All but one platform showed that the laboratory should be running the maximum number of QC (three levels three times a day). “It caused us to take a step back and think about the performance of this particular assay,” Dr. Woodworth says (Woodworth A, et al. Clin Chem. 2014;60: 1073–1079).

That doesn’t mean every test should have the maximum rather than the minimum QC, she notes. “We calculated sigma metrics, which are an estimate of risk. They take into account the allowable total error for the assay along with the analytical performance, the precision, and the bias of the assays. The sigma is equivalent to the six sigma goal in manufacturing. In the laboratory the sigma metric helps to estimate the risk of reporting an unreliable patient result—one outside the allowable total error limits. Then we can use recommendations from national thought leaders to determine an appropriate analytical QC program based on sigma metrics—i.e. how many levels and how often QC should be run each day.”

“It’s really just a simple formula to calculate a sigma metric. Anybody who uses Excel can gather the analytical data they are already generating, imprecision can be gathered from the QC they run, and bias can be garnered from their proficiency testing results.”

Software tools by such companies as Bio-Rad, CRI, and Carepoint Solutions have been developed to help. (Randox’s Acusera 24.7 wasn’t designed to be used to develop an IQCP but can be a useful tool in carrying out an IQCP, according to a company spokesperson.) Dr. Woodworth’s laboratory now uses Bio-Rad’s Unity, which receives data from the automated instrumentation in the clinical chemistry lab and allows frequent evaluation of QC. “With Unity, I can look at shifts and trends in my analytical QC as well as generate sigma metrics and receive recommendations on amount of QC to run.”

A current limitation is that not all labs connect all instruments to the Unity program. “If you are using devices that are not interfaced, then you have to manually enter the data,” she says. For example, with Vanderbilt’s point-of-care testing and some of the endocrine lab assays, QC results are entered manually. “It can be done, but it’s more challenging.”

But Dr. Woodworth is enthusiastic about the potential contribution of IQCP to laboratory quality. “We all should be looking more closely at how each assay performs prior to determining how many QCs to run. But the only way IQCP is going to work is if people do a good job of evaluating the risk. Where it could falter is if the risk-assessment piece is not complete.
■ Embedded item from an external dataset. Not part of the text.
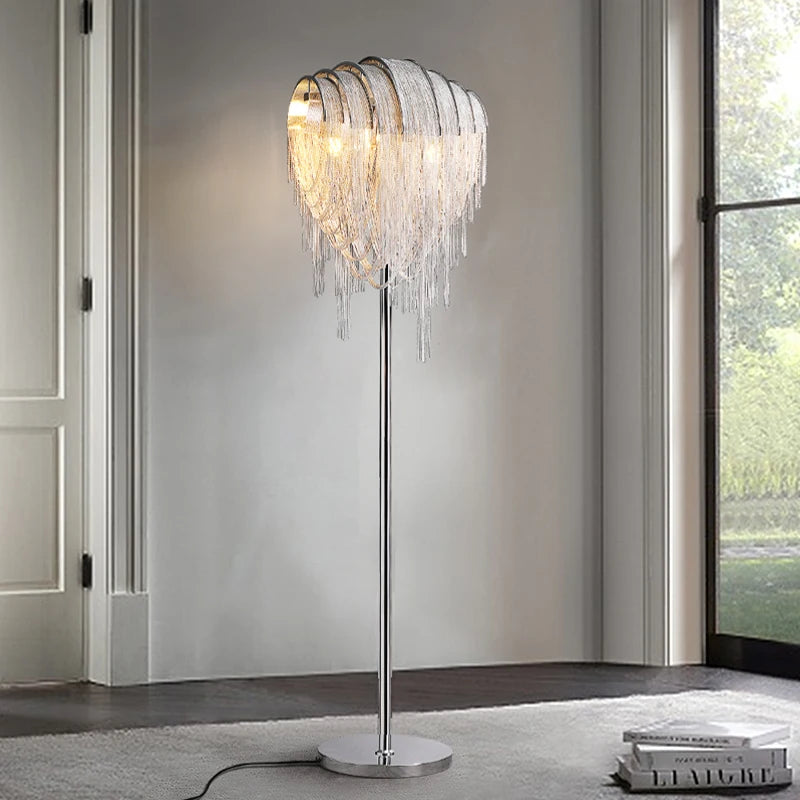 Lampadaire Design "Splendeur en Métal"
All labs must understand that they need to start working on more complex statistical evaluations of the analytical piece as well as incorporate the total testing process, the preanalytical and postanalytical.”
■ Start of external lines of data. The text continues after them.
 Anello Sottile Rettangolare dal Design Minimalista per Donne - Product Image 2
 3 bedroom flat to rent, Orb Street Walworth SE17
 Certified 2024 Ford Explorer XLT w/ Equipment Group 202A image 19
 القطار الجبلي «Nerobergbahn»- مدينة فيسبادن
It’s important to keep in mind, Dr. Woodworth stresses, that EQC is going away and IQCP is already available to start trying out. “Very soon, labs will not be able to use EQC. Most labs do assess risk and work constantly to refine processes, but IQCP is providing a little more structure to what we do already.”
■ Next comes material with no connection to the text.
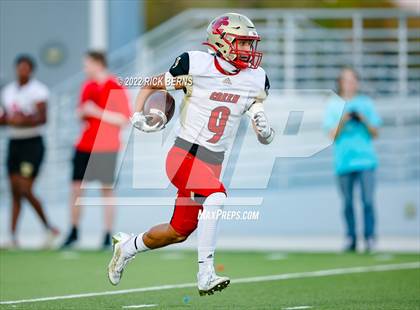 Thumbnail 2 in College Park vs Caney Creek photogallery.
With EP23 and IQCP, “CMS is getting out of micromanaging and dictating that there is only one way to run QC,” says James Nichols, PhD, medical director of clinical chemistry and professor in the Department of Pathology, Microbiology, and Immunology at Vanderbilt. IQCP and EP23 really evolved over the last 10 years out of concerns about the limitations under CLIA of one-size-fits-all QC, he adds.